T-Mobile is hoping the sun is shining down on one of its cell towers in Chalfont, Penn. That’s because the gear is T-Mobile’s first solar-powered cell site in the U.S., and enables T-Mobile to tap into the sun to power a selection of gear that provides wireless broadband services.
T-Mobile didn’t give more details on how much power the 12 solar panels attached to the site would generate, only saying the power was enough to take the cell site off-the-grid and then “at times” feed power back into the grid. T-Mobile can use the cell site for lowering its carbon footprint (and green marketing) as well as potentially saving on its energy bill, but savings on electricity costs via solar often times have a long pay back period. Solar can also be used as a backup power source for cells if power grid blackouts occur.
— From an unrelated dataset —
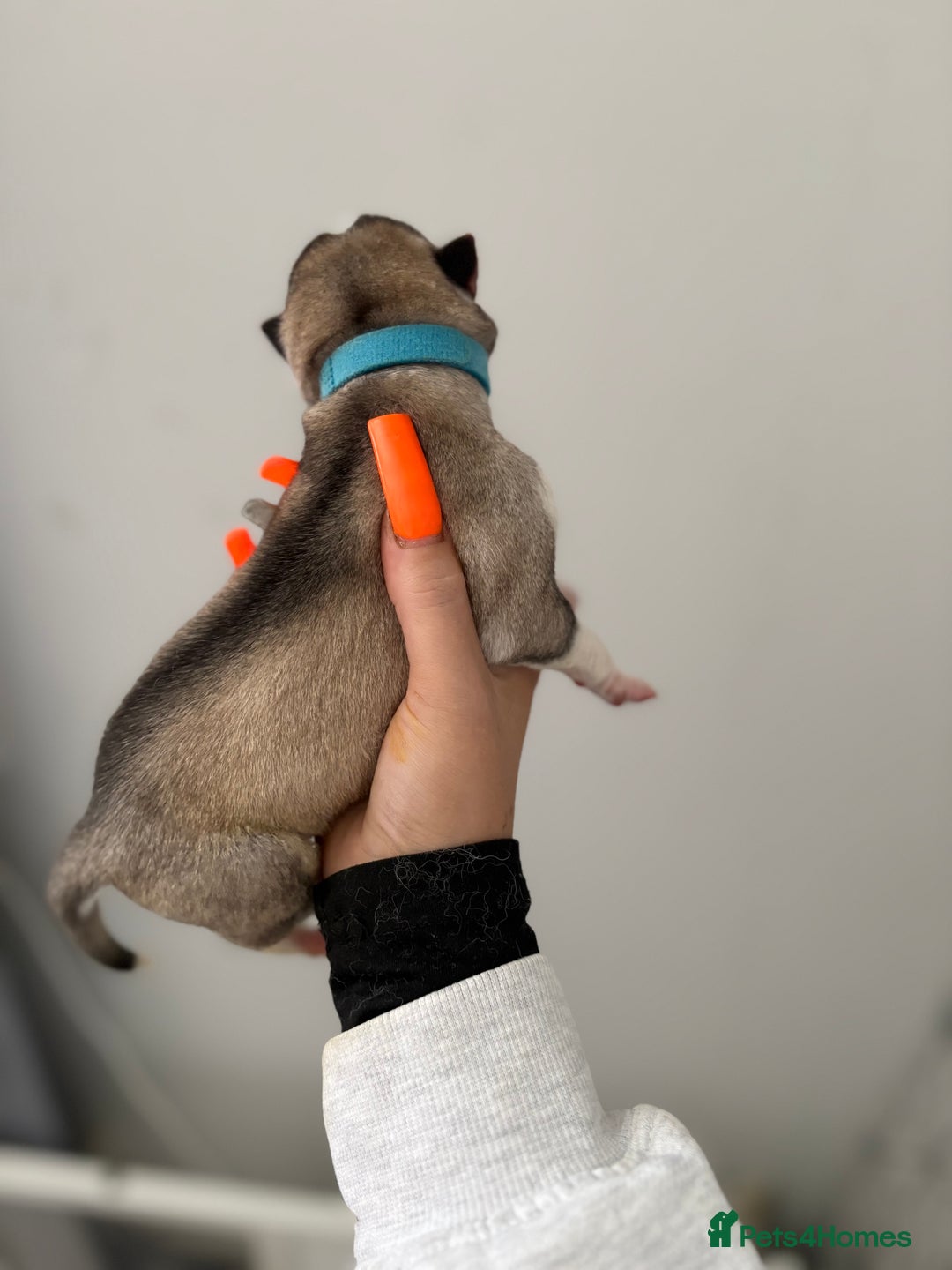 Siberian Husky dogs for sale: Husky puppies - Image 12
The T-Mobile solar-powered cell is somewhat unusual in that it wasn’t built in a developing country. Phone companies most often turn to solar-powered cells in countries like India, and parts of Africa, where the sites can be few and far between, and phone companies want to use solar to replace or augment diesel-powered back up generators (see our report How Mobile Networks Can Cut Carbon, GigaOM Pro, subscription required). According to Pike Research, 4.5 percent of the world’s cellular base stations will run off of solar and wind by 2014, up from 0.11 percent in 2010.
In certain developing regions, solar-powered base stations can be economical. Phone companies are increasingly factoring in diesel fuel costs over the life of the system compared to the free fuel that is solar. Mobile operators are also taking into account potential carbon legislation (that makes carbon-based power more expensive), as well as the likelihood that the cost of clean power will drop in the future. Connecting into the grid can also be quite expensive in certain regions: for example, it’s $8,000 per kilometer to connect into the grid in rural Namibia, according to Kuwait-based Mobile Telecommunications Co.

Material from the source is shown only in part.